How to Deploy InternVL3-8B with vLLM
Younes El Hjouji
Quick Deployment
# Setup
python3.12 -m venv venv && source venv/bin/activate
pip install --upgrade pip && pip install vllm
# Launch
vllm serve OpenGVLab/InternVL3-8B \
--trust-remote-code \
--dtype bfloat16 \
--max-model-len 32768 \
--max-num-batched-tokens 32768 \
--gpu-memory-utilization 0.9 \
--port 8000
# Test
curl http://localhost:8000/v1/models
Video Test:
VIDEO_BASE64=$(base64 -w 0 /path/to/video.mp4)

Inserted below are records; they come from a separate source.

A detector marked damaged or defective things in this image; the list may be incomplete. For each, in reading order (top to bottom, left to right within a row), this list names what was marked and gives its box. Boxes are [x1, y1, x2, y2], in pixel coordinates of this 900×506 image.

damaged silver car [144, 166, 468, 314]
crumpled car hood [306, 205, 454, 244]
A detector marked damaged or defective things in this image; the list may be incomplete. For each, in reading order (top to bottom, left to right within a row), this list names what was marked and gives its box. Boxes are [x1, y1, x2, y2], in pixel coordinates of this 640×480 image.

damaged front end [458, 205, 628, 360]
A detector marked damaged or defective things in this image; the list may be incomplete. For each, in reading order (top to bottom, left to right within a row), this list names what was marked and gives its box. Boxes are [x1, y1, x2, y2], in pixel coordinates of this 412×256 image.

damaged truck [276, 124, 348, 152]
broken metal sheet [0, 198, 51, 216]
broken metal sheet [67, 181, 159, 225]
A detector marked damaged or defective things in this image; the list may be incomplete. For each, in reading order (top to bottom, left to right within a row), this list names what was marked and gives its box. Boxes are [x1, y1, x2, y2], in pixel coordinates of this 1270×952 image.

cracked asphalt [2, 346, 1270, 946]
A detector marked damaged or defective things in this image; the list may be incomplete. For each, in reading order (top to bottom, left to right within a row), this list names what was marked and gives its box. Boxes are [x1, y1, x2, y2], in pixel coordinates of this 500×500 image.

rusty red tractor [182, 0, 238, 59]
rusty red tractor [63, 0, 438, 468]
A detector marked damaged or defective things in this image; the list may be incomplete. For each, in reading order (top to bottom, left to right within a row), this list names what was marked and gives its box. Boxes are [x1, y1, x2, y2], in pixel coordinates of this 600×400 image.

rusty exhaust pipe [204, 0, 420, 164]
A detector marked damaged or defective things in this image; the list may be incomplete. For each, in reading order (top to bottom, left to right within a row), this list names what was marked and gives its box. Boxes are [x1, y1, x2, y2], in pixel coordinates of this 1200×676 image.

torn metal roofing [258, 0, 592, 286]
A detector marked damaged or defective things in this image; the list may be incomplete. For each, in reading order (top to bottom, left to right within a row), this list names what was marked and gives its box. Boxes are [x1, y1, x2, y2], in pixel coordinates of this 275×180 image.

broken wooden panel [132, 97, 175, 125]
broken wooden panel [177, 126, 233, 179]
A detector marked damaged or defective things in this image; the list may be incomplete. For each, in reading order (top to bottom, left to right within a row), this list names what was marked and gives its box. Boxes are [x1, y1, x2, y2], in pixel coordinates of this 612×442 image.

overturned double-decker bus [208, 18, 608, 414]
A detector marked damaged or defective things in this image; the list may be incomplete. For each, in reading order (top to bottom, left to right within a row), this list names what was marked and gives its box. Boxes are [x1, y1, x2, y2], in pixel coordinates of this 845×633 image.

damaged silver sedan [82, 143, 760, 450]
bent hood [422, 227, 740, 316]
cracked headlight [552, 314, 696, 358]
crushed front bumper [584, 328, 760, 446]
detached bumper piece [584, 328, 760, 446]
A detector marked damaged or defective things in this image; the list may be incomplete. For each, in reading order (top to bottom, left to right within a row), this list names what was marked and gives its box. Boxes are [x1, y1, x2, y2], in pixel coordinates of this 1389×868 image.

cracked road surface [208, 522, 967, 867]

curl http://localhost:8000/v1/chat/completions \
-H "Content-Type: application/json" \
-d "{
\"model\": \"OpenGVLab/InternVL3-8B\",
\"messages\": [{
\"role\": \"user\",
\"content\": [
{\"type\": \"video_url\", \"video_url\": {\"url\": \"data:video/mp4;base64,\$VIDEO_BASE64\"}},
{\"type\": \"text\", \"text\": \"Describe this video.\"}
]
}],
\"max_tokens\": 1024
}"
Specifications
- Parameters: 8B
- Architecture: InternVL3 (InternViT-300M + Qwen2.5-7B)
- Context: 32,768 tokens
- License: Apache-2.0
- Backbones: InternViT-300M-448px-V2.5, Qwen2.5-7B
References
- Model Card: https://huggingface.co/OpenGVLab/InternVL3-8B
- Paper: https://arxiv.org/abs/2504.10479
- GitHub: https://github.com/OpenGVLab/InternVL